Renate Fuhrmann spielt Irmgard Keun

Gerade 20 Jahre alt ist sie, die junge Stenotypistin aus Köln Gisela Kron, die alle nur Gilgi nennen, aber sie weiß schon genau, was sie will. Selbstständig möchte sie ihr Leben beschreiten, unabhängig sein von finanzieller Unterstützung durch Familie oder Mann. Reisen will sie und die Welt sehen. Das alles sind Pläne, für die sie hart arbeiten muss, das weiß Gilgi genau, deshalb lernt sie neben der Arbeit Englisch, Französisch und Spanisch und spart zudem für eine Fahrt ins Ausland.

So eine wie Gilgi gab es im Deutschland der zwanziger Jahre noch nicht lange. Weibliche Angestellte, die ihr Leben selbst in die Hand nehmen, berufstätig sein mussten in Folge der Wirtschaftskrise, aber in der neuen Zeit auch ihre Chance auf Emanzipation sahen. Geschaffen hat die Romanfigur, die zum Vorbild einer neuen, modernen Frau werden sollte, die Schriftstellerin Irmgard Keun im Jahre 1931.

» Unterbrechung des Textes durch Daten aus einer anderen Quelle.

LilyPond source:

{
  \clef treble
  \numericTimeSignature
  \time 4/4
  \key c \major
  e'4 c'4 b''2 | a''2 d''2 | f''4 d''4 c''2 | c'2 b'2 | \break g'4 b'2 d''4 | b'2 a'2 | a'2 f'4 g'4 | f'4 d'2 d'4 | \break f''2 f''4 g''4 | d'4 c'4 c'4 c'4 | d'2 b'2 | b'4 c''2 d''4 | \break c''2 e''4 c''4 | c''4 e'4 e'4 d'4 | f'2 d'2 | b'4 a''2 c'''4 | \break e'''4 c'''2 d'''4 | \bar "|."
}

Jetzt haben Regisseur Heinz Simon Keller und seine Dramaturgin Ulrike Janssen in „Gilgi/Keun – Eine von uns“ die 1982 verstorbene Autorin auf der Bühne wieder zum Leben erweckt, um noch einmal mit ihr auf das Schicksal ihrer jungen Romanheldin zu blicken. Dass die Bühne dabei wie ein großes Provisorium daherkommt, hat auch mit der Situation des Theater der Keller zu tun, das für eine Übergangszeit nun in den Räumlichkeiten der Tanzfaktur in Köln-Poll Quartier bezogen hat.

So ein Leben aus den Koffern kennt Keun, die sich damals mit ihrer aufregenden, neuen Art des Schreibens, angelehnt an den Rhythmus des Kinos und den Sound der Großstadt, bei den bald herrschenden braunen Machthabern keine Freunde gemacht hat. Ins holländische Exil musste sie fliehen, später gelang es ihr unter abenteuerlichen Umständen und falschem Namen, den Krieg im Keller des Kölner Elternhauses zu überleben.

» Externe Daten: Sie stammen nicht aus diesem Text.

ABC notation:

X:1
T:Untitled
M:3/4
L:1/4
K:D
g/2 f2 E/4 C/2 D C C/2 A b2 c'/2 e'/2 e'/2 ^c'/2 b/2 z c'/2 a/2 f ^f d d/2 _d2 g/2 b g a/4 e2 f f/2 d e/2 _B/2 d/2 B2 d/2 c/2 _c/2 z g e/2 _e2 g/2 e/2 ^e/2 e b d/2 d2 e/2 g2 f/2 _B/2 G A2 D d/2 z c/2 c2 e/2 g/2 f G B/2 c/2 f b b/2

Nie wieder heimisch geworden

Heimisch geworden ist sie danach nie wieder im Wirtschaftswunder-Deutschland, wo eine Aufarbeitung der Nazi-Gräuel keine Priorität besaß. Mit sarkastischem Zungenschlag und ohne eine Spur von Sentimentalität erzählt eine grandios aufspielende Renate Fuhrmann, der die Rolle der Irmgard Keun wie auf den Leib geschneidert ist, von dieser Schriftsteller-Biographie einer gebrochenen aber nicht besiegten Frau.

Währenddessen entfaltet sich neben ihr das Schicksal Gilgis, die nicht minder aufregend und perfekt besetzt, von der jungen Schauspielerin Amelia Barth gespielt wird. Im hochintensiven Spannungsfeld dieser zwei Schauspielerinnen-Generationen bewegt sich Matthias Lühn mit der nötigen Souveränität und Zurückhaltung, wissend, dass dieser Abend zuallererst den Frauen gehört.

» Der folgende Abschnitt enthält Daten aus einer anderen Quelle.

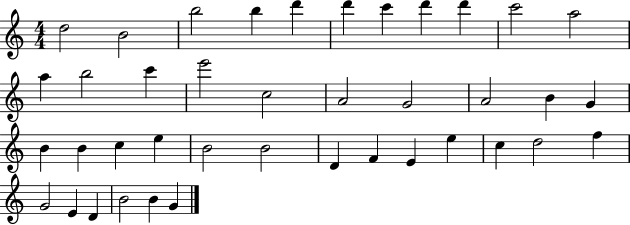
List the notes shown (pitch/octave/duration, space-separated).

D5/h B4/h B5/h B5/q D6/q D6/q C6/q D6/q D6/q C6/h A5/h A5/q B5/h C6/q E6/h C5/h A4/h G4/h A4/h B4/q G4/q B4/q B4/q C5/q E5/q B4/h B4/h D4/q F4/q E4/q E5/q C5/q D5/h F5/q G4/h E4/q D4/q B4/h B4/q G4/q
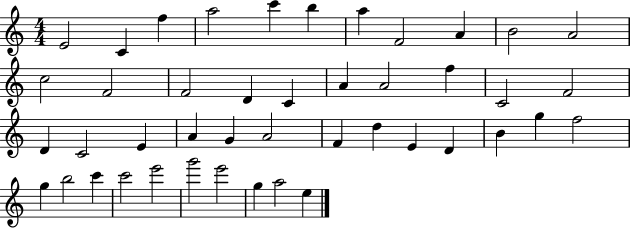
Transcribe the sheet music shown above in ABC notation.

X:1
T:Untitled
M:4/4
L:1/4
K:C
E2 C f a2 c' b a F2 A B2 A2 c2 F2 F2 D C A A2 f C2 F2 D C2 E A G A2 F d E D B g f2 g b2 c' c'2 e'2 g'2 e'2 g a2 e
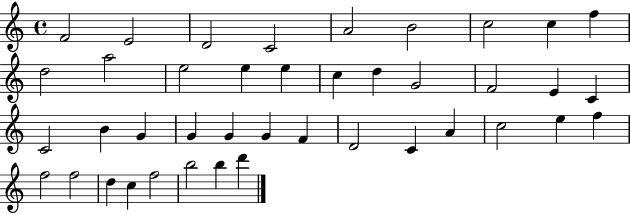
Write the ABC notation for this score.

X:1
T:Untitled
M:4/4
L:1/4
K:C
F2 E2 D2 C2 A2 B2 c2 c f d2 a2 e2 e e c d G2 F2 E C C2 B G G G G F D2 C A c2 e f f2 f2 d c f2 b2 b d'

Es ist fast schon gespenstisch, wie viel von ihrem späteren Leben Keun in dieser Figur der Gilgi bereits vorweggenommen hat. Wie Gilgi kämpfte Keun um ihre Unabhängigkeit, auch in den Zeiten der Liebe, wo sich schon mal die schönsten Pläne und das logistischste Denken in Luft auflösen. Gilgi verfällt dem doppelt so alten Boheme Martin, der sie anfangs durch seine Leichtigkeit fasziniert, den sie aber später, trotz Schwangerschaft, verlässt, um zu ihrer Selbstständigkeit zurück zu kehren. Auch Keun wird 1938 im Exil ihre Beziehung zu dem Schriftsteller Josef Roth nach zwei Jahren beenden, weil er „wie wahnsinnig eifersüchtig war“, wie sie schrieb. Später wird sie ihre 1951 geborene Tochter alleine aufziehen und den Namen des Vaters für sich behalten. „Ein Mensch kann sich wohl von sich aus ändern“ sagt Gilgi später, „aber einen anderen ändern wollen heißt, sich und ihm nur das Leben schwer machen.“

Wie Keun und ihre kleine, große Heldin darum kämpfen, sich treu zu bleiben in einer Welt, in der sich die Frauen gegen patriarchalisches Denken behaupten müssen, das ist zeitlos und immer noch aktuell. So lautet die dringliche Empfehlung: ins Stück gehen und Keun lesen, es lohnt sich. Nächste Termine: 19. und 26.10., 20 Uhr, 20. und 27.10., 18 Uhr im Theater der Keller, Tanzfaktur, Siegburgerstr. 233 W (Neuer Spielort!)